Le directeur de la publication de Valeurs Actuelles a été jugé coupable de provocation à la discrimination en raison d’une couverture controversée évoquant une « invasion cachée » des immigrés. Les titres utilisés, tels que « Naturalisés : L’invasion qu’on cache », ont été interprétés comme incitant à une perception négative des immigrés, notamment musulmans. Cependant, la Cour de cassation a finalement statué en faveur de la liberté d’expression, considérant que les propos, bien que polémiques, ne constituaient pas un appel à la haine ou à la violence. Cette décision souligne l’importance de la liberté d’expression dans le débat public sur l’immigration.

Couverture de magazine délictueuse

Le sujet de l’immigration est l’un des sujets sensibles en France, y compris devant les juridictions : le pendule balance entre délits de presse, liberté d’expression et droit à la caricature, spécialement vis-à-vis de la communauté musulmane. L’une des questions posées dans cette affaire était de déterminer si un journal peut s’exprimer (en termes virulents ou non)  contre l’arrivée d’immigrés sans tomber sous le coup du délit de provocation publique à la discrimination, à la haine ou à la violence envers une personne ou un groupe de personnes déterminées.

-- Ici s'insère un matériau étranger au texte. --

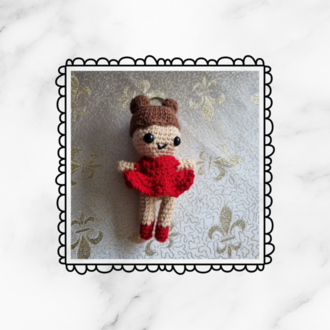 El Örgüsü Kırmızı Bebek Figürü - Tasarım Amigurumi Oyuncak & Hediye
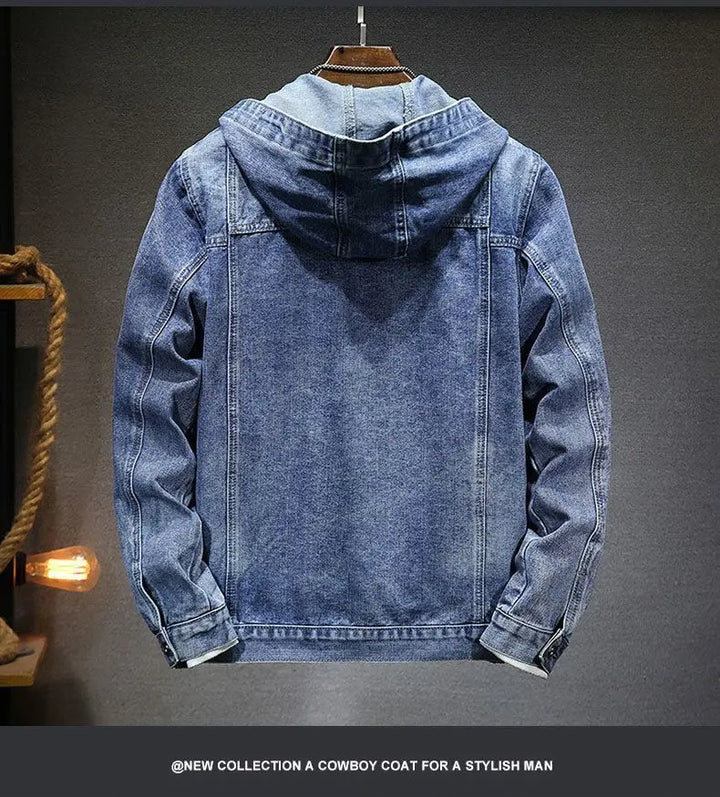 Denim-Jacke Mit Kapuze Für Einen Lässigen Look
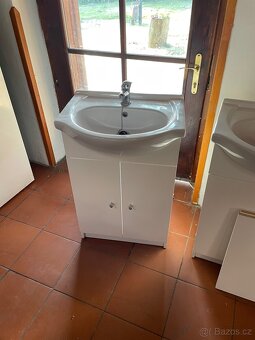 Umyvadla se skříňkami - 3
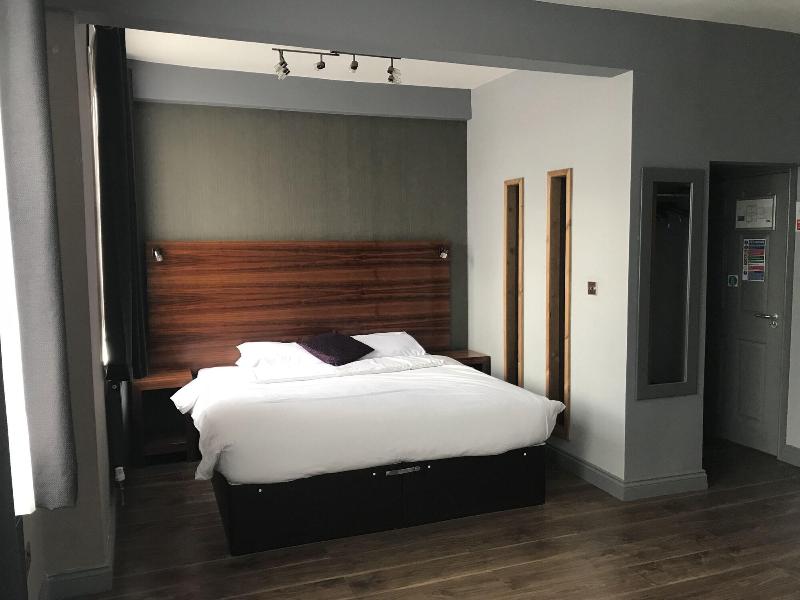 Bennetts Hotel - Oda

Le directeur de la publication du magazine Valeurs actuelles avait ainsi été jugé coupable du chef de provocation à la discrimination, à la haine ou à la violence nationale, raciale ou religieuse (paiement d’une amende de 2 000 euros). En cause, l’une des couvertures du magazine faisant état d’une « invasion cachée » des immigrés, notamment par le biais de la procédure de naturalisation.

« Invasion des immigrés »

Le délit avait été jugé constitué au regard des titres utilisés : « Naturalisés : L’invasion qu’on cache Deux français sur trois contre les naturalisations massives de Valls Islam, immigration: comment la gauche veut changer le peuple ; Michèle Tribalat : Le poids des musulmans n’a cessé d’augmenter ».   En l’occurrence, la notion d’invasion sous entendait un « envahissement extérieur en relation avec le phénomène massif de personnes non désirées, qui progressivement change la nature démographique du pays ».  Les propos avaient été associés à la reproduction d’un buste de Marianne revêtue d’un voile intégral noir.

L’immigration : un débat d’intérêt général

Saisie de l’affaire et en présence d’une frontière trop ténue, la Cour de cassation a fait primer le principe constitutionnel de liberté d’expression : le délit de provocation à la discrimination, à la haine ou à la violence nationale, raciale ou religieuse n’a pas été jugé constitué. Les propos en cause, portant sur une question d’intérêt public relative à la politique gouvernementale de naturalisation, ne dépassaient pas les limites admissibles de la liberté d’expression. Même si leur formulation pouvait légitimement heurter les personnes de confession musulmane, ils ne contenaient néanmoins pas d’appel ou d’exhortation à la discrimination, à la haine ou à la violence à leur égard.

Piqure de rappel juridique sur les libertés fondamentales : l’article 10 de la Convention européenne des droits de l’homme pose que la liberté d’expression ne peut être soumise à des ingérences que dans les cas où celles-ci constituent des mesures nécessaires dans une société démocratique. Au sens de l’article 24 de la loi du 29 juillet 1881, le délit de provocation n‘est   caractérisé que si les propos incriminés tendent à inciter le public à la discrimination, à la haine ou à la violence envers une personne ou un groupe de personnes déterminées.